Fellow jazz piano legend Dave Brubeck said he was “saddened by the news of Oscar’s passing.” Peterson died Sunday of kidney failure at his home in the Toronto suburb of Mississauga.
The 87-year-old Brubeck recalled the first time he ever heard a Peterson recording shortly after jazz impresario Norman Granz introduced the Canadian pianist to American audiences at a 1949 Carnegie Hall concert.
“I was in awe,” Brubeck wrote in an e-mail Tuesday to The Associated Press. “Every jazz pianist would soon know that Oscar was a master.”
Decades later, Brubeck found himself asked to help fill in at a 1993 Carnegie Hall concert after Peterson had to cancel his appearance because he had suffered a serious stroke.
“Ahmad Jamal, McCoy Tyner and I were asked to come to Carnegie Hall and take Oscar’s place, when he was unable to perform. I’m not sure that the three of us playing at the top of our form were able to fill his shoes, but we gave it a try. Oscar, as Duke Ellington would say, was `beyond category.”’
Herbie Hancock, another jazz piano legend, said Peterson’s influence could be found “in the generations that came after him.”
“Oscar Peterson redefined swing for modern jazz pianists for the latter half of the 20th century up until today,” Hancock, 67, wrote in an e-mail. “I consider him the major influence that formed my roots in jazz piano playing. He mastered the balance between technique, hard blues grooving, and tenderness. … No one will ever be able to take his place.”

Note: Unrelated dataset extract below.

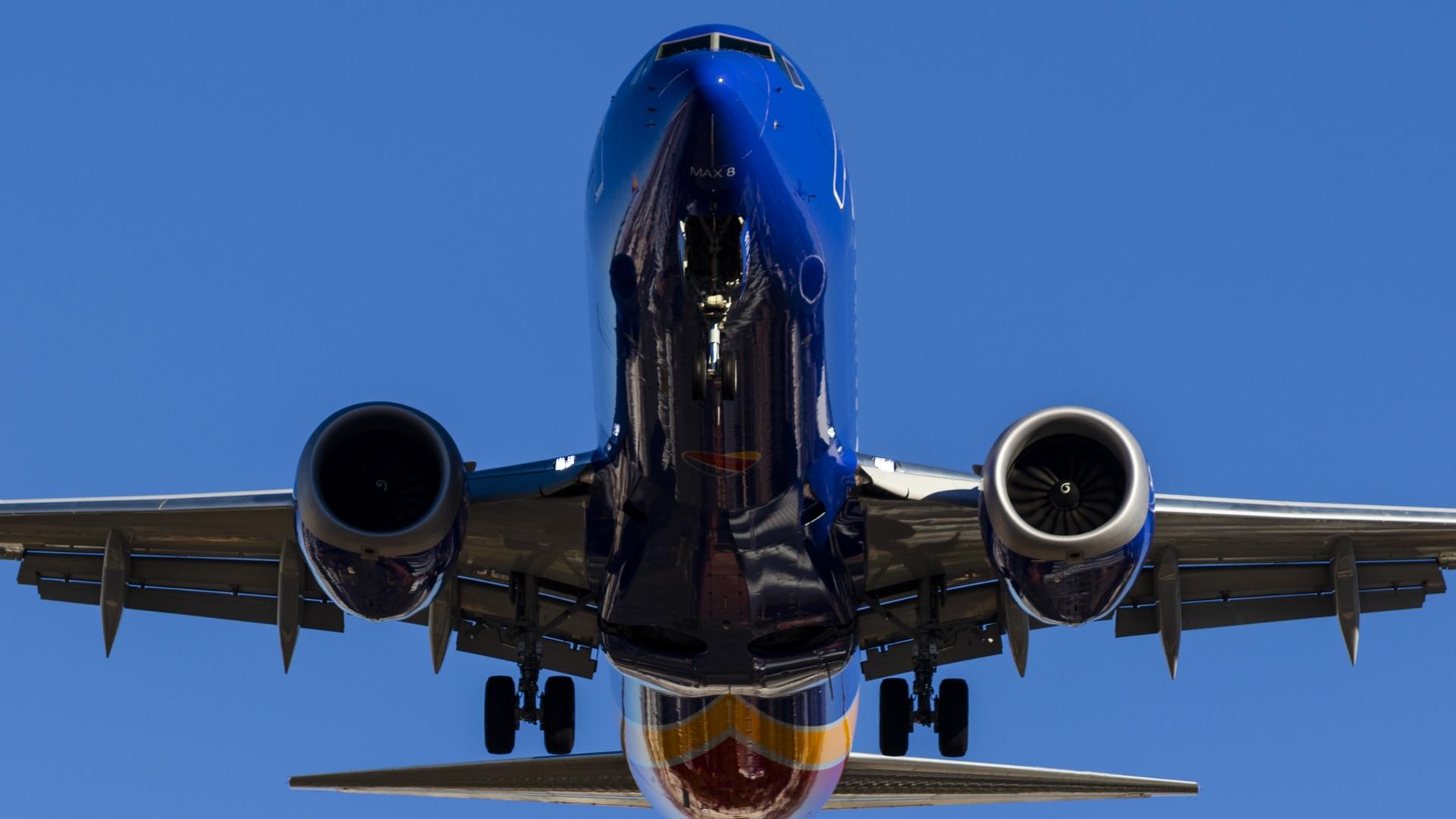 The shutdown is over. Flights have resumed. Thanksgiving travelers might wonder: What now?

Peterson had a similar impact on a young Diana Krall growing up in Nanaimo, British Columbia. She was spotted playing in local clubs by bassist Ray Brown, a longtime member of the Oscar Peterson Trio, who encouraged her to move to Los Angeles.
Peterson “was the reason I became a jazz pianist,” the 43-year-old singer-pianist told the Los Angeles Times. “In my high school yearbook it says that my goal is to become a jazz pianist like Oscar Peterson.
“I didn’t know then we’d become such close friends over the years. We were together at his house in October, playing and singing songs together. Now it’s almost impossible for me to think of him in the past tense.”
While Peterson was known for his lightning-fast keyboard runs, jazz piano veteran Hank Jones called attention to his finesse and deft touch on melodic slow-tempo tunes.
“He had a beautiful approach to ballads, which a lot of pianists forget,” the 89-year-old Jones told The Canadian Press.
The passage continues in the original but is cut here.